Some local school boards were granted control over their school districts during the meeting.
Schools in Fayette, Gilmer, McDowell, Mingo and Preston counties are currently under state intervention.
Board members voted to return complete control of Lincoln County Schools to the county school board after 12 years of intervention.
The district also was granted full accreditation.
The board asked the Office of Education Performance Audits conducted an audit of the county school system in October, and OEPA recommended those provisional oversights be lifted.
"A professional culture and climate exist at both the county and schools," OEPA Director Gus Penix told the BOE. "Extensive evidence shows that Lincoln County Board of Education members no longer are attempting to interfere in employment decisions, nor are they allowing political factions to influence personnel decisions."
Problems were discovered in a 2000 audit review, such as questionable hiring practices, financial practices and issues with facilities, curriculum and leadership.
The county received provisional control, with personnel decision-making authority, but a partial audit in 2011 showed the county had "regressed," according to a news release from the BOE.
Board members also granted partial control to the Grant County Board of Education.
The decision-making powers in curriculum, policies, facilities, transportation and the school calendar were returned to the county following an OEPA audit.

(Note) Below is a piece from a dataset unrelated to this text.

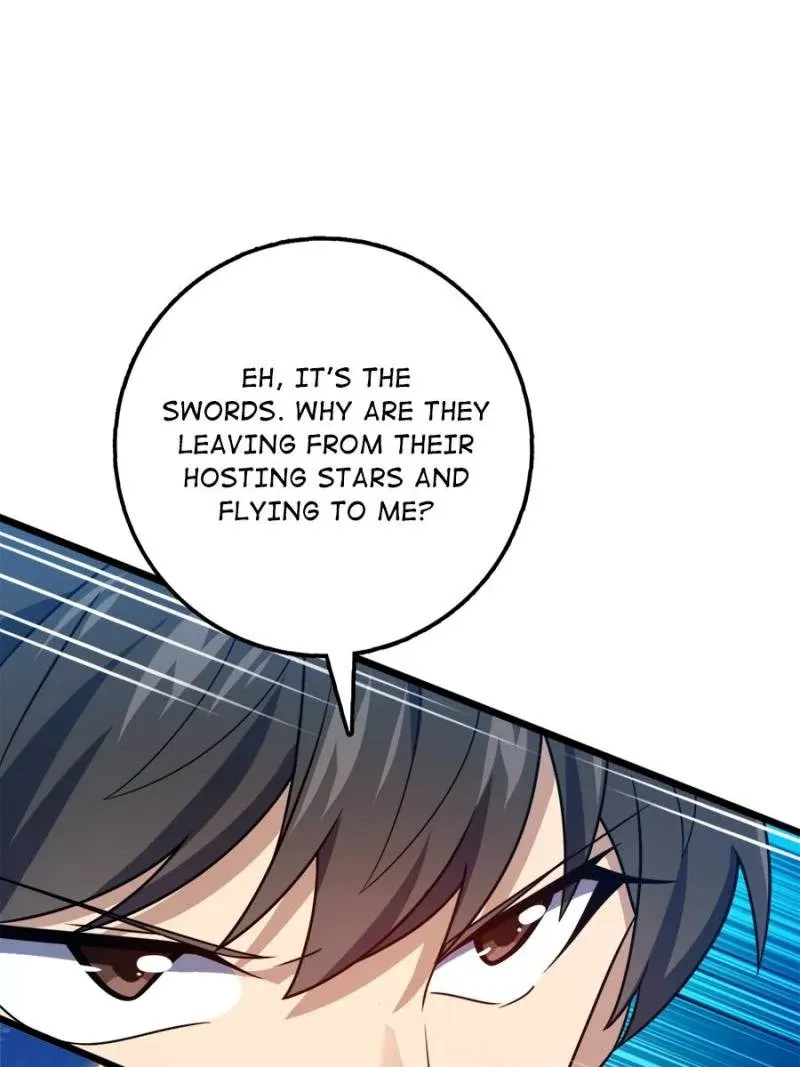 Spare Me, Great Lord! Chapter 714 page 25 -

A follow-up review is scheduled for September.
"Some concerns for developing capacity for board leadership development remain," Penix said. "The improvements to-date warrant conditional approval status."

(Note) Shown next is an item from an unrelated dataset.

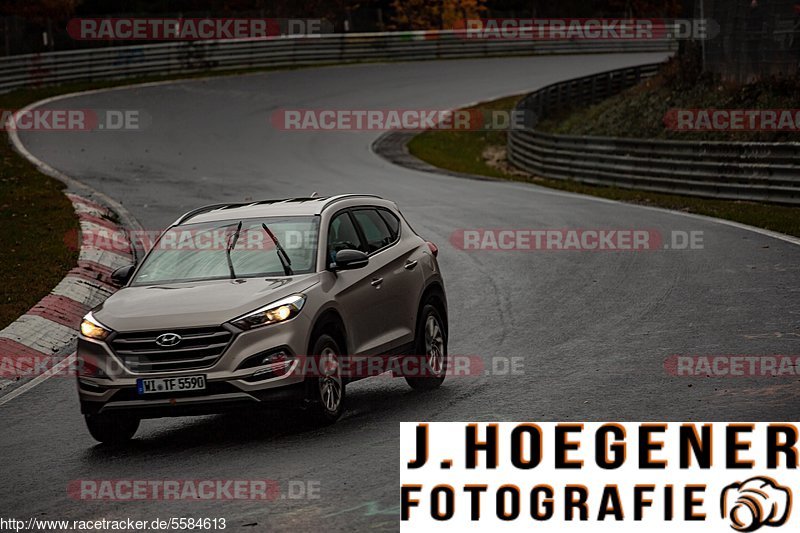 Bild #5584613 - Touristenfahrten Nürburgring Nordschleife 10.11.2018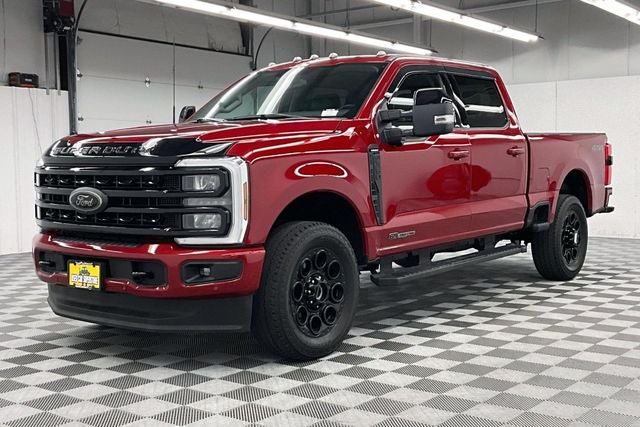 2024 Ford F-350SD Lariat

The state stepped in for Grant County in 2009 after an audit discovered problems with leadership, personnel and curriculum.
Some new faces joined the meeting as well. A new student representative, Luke Massey, a high school senior from Preston County, will serve as the board's student representative through February. Former state delegate Tom Campbell of Lewisburg took the oath of office during the meeting. Campbell, former House of Delegates education committee chairman, replaces Lowell Johnson, whose term expired in November.
"I look forward to working with my fellow board members and all stakeholders as we work to prepare all of our children for career readiness and success in life," Campbell said.
The board, made up of 12 members, includes nine citizens. All the members are appointed by the governor and serve overlapping terms of nine years. Three non-voting, ex-officio members are the state superintendent, chancellor of the West Virginia Higher Education Policy Commission and the chancellor of the West Virginia Council for Community and Technical Education.
The board also heard a report from Reconnect McDowell and teacher-in-residence programs.
The first teacher-in-residence program, created under a new state law, is in Clay County. West Virginia State University collaborated with the county for the pilot partnership that put a senior from the WVSU education preparation program in a public school classroom when there is no other teacher to fill the vacancy.
The program is different from student teaching, which puts a college student in a classroom for 12 weeks with a veteran teacher's supervision.
Nearly 11,000 of the state's 24,000 public school educators will be eligible for retirement within the next five years, according to the WVDE.
"This program helps fill a void many counties face in trying to fill high need areas in their schools with a qualified teacher," Heinlein said in a news release. "Educators and policymakers are continually searching for new ways to recruit and retain excellent public school teachers, and this is but one additional way to do that."
Board members approved a new teacher-in-residence program through Concord University to serve several southern counties, including McDowell.